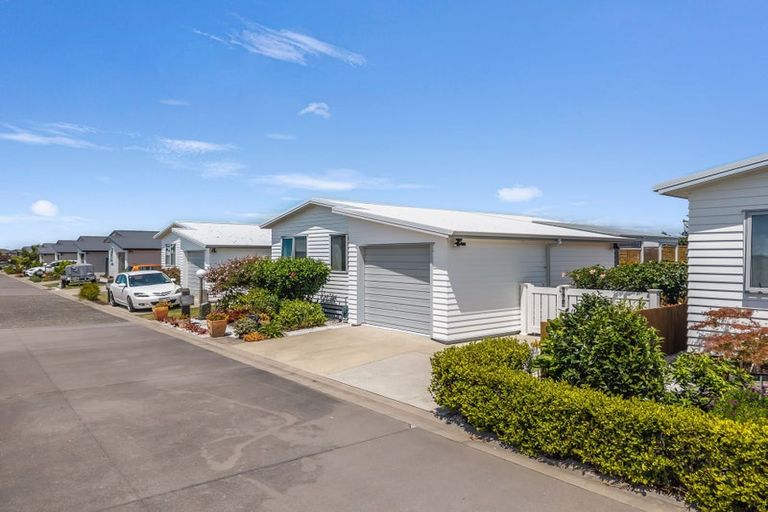 Photo of property in 11 Kamahi Crescent, Papamoa Beach, Papamoa, 3118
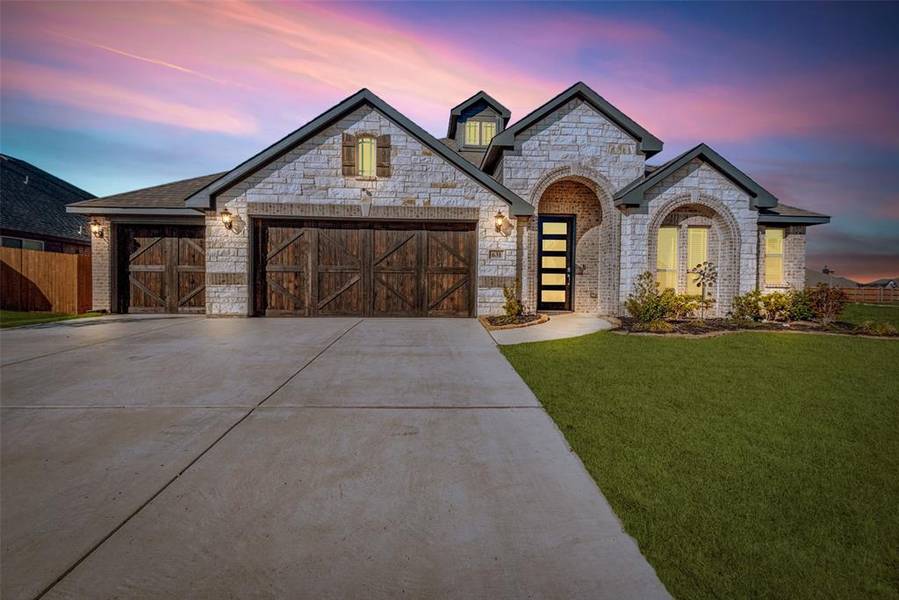 631 Sirius Drive, Waxahachie, TX 75165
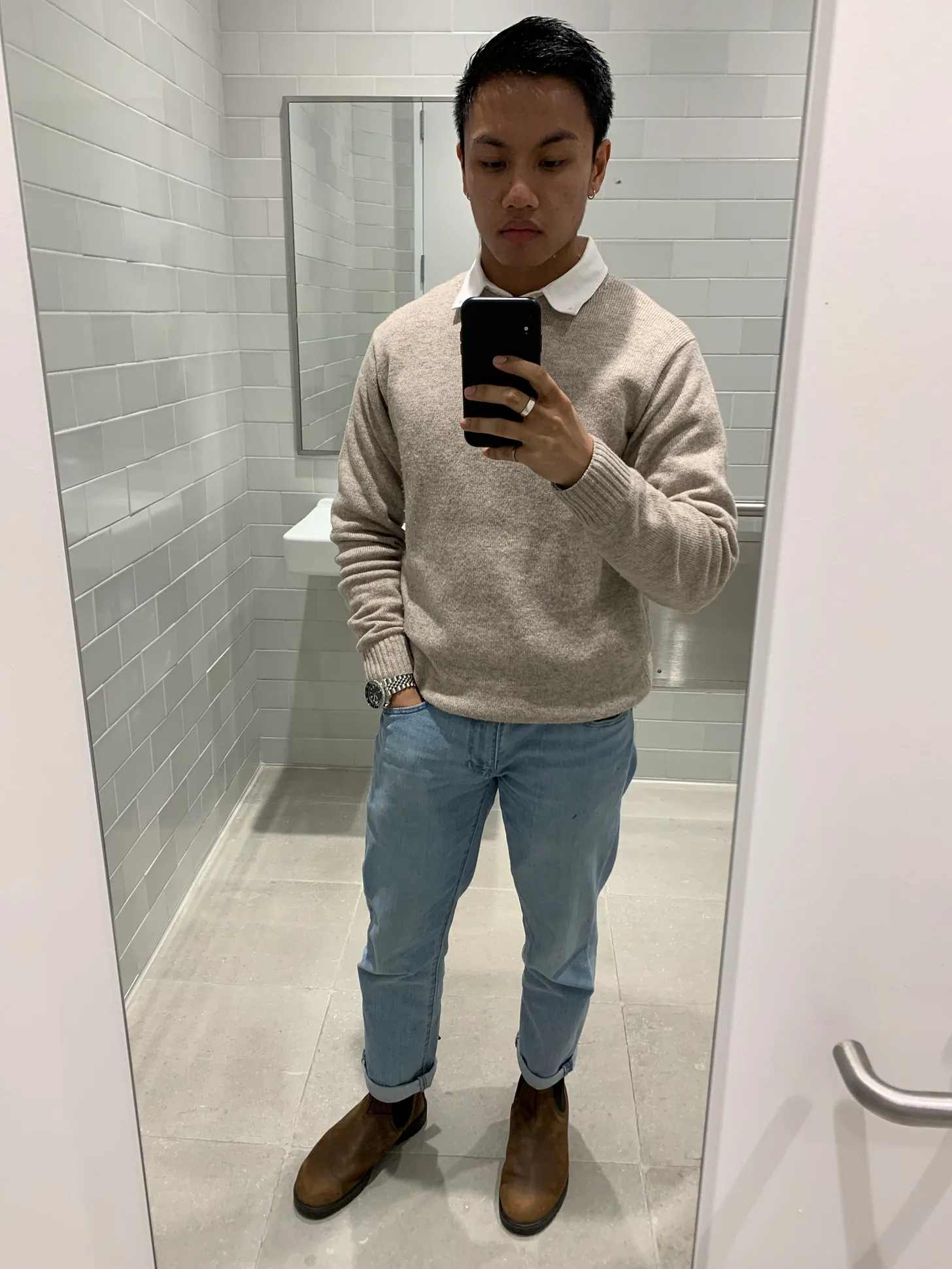 Fit pic selfie during lunch break. I was really feeling my outfit on this day.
+++
### Instructions to follow:
Make a word-for-word repeat of the material, skipping all pictures.

### Result of this exercise:
 Photo of property in 11 Kamahi Crescent, Papamoa Beach, Papamoa, 3118
 631 Sirius Drive, Waxahachie, TX 75165
 Fit pic selfie during lunch break. I was really feeling my outfit on this day.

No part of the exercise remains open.